For most real datasets that bound is beneficial. The underlying behavior bends gradually and a low-order curve captures it. This however breaks down for anything intrinsically periodic. An idealized checkerboard alternates light and dark squares in every direction without end; sampling it along any line produces a sequence of values that flip sign infinitely often. No polynomial of finite degree captures that behavior.

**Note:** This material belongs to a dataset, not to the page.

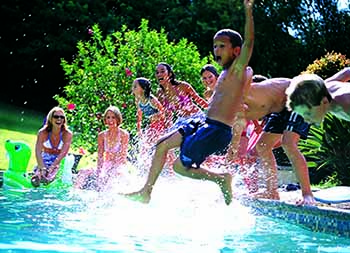 a bunch of kids jumping into a swimming pool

To represent periodic structure faithfully we need a basis whose elements are themselves periodic, and so we can shift the view from polynomial regression to Fourier analysis.

Representing Periodicity

The simplest non-decaying periodic function on the real line is $\sin(2\pi f t)$, where $f$ is frequency and $t$ is time/position. Any reasonable periodic function can be approximated by a sum of sines and cosines at integer-multiple frequencies. For a function $g(t)$ with period $T$,

$$g(t) \approx \sum_{k=0}^{K} a_k \cos(2\pi k t / T) + b_k \sin(2\pi k t / T)$$

and as $K$ grows the partial sum converges to $g$ at every point where $g$ is continuous. The sines and cosines at frequencies $k/T$ form a complete basis for periodic functions on $[0, T]$.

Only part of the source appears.